Trade likely just the start for Cavs
CLEVELAND — This isn’t it for the Cavaliers.
Instead, the trade that brought Marreese Speights, Wayne Ellington, Josh Selby and a draft pick to Cleveland is likely just the beginning.
Cavs general Chris Grant might just be getting started. The man likes and wants to make trades. He has a month to do so in the regular season (the deadline is Feb. 21), and then all summer.
But just look at the armed robbery he pulled off Tuesday. Seriously, imagine this conversation:
Grant: “I’ll give you a guy we never use for two quality reserves and a promising young point guard. But only if you throw in a first-round draft pick.”
Memphis GM Chris Wallace: “Sounds great!”
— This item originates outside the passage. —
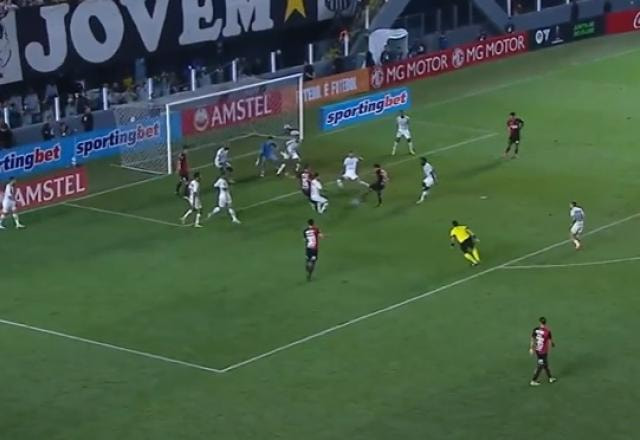 Imagem da noticia Santos atrás do placar! Sforza pega sobra na área e faz 1 a 0 para o Newell's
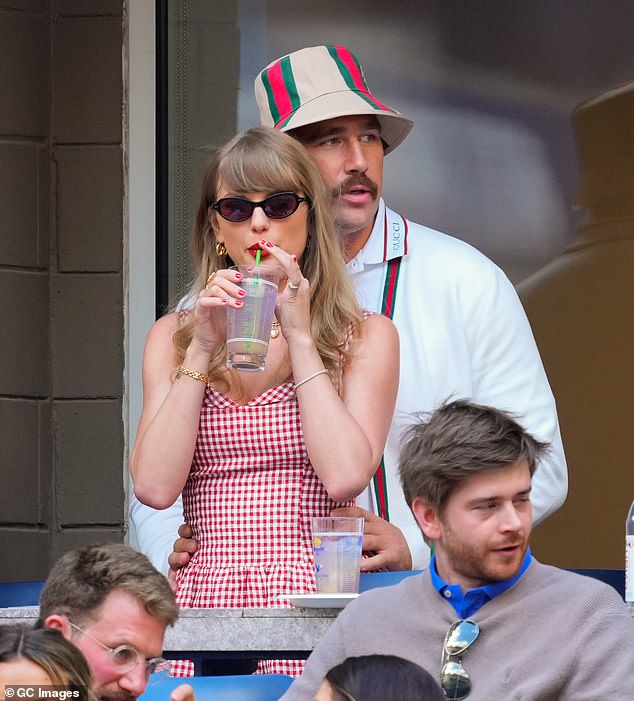 Taylor Swift je skoro gotova sa svojom turnejom Eras. Njezini posljednji nastupi su ovog vikenda u Vancouveru, Kanada. Gledano ovdje na US Openu 8. rujna 2024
The conversation didn’t go down that way, but you get the idea. In these days of cap space and luxury tax, trades don’t often have to make good sense. They only have to make good cents.
Clearly, the Cavs possess plenty of both. They still have $4 million in cap space with which to play, as well as three more young players to audition and see what they might become.
For those wondering, Speights is 6-foot-10 and can play both power forward and center. He’s big, he can shoot, he rebounds OK and he's likely to get plenty of minutes — especially with Anderson Varejao out for the season.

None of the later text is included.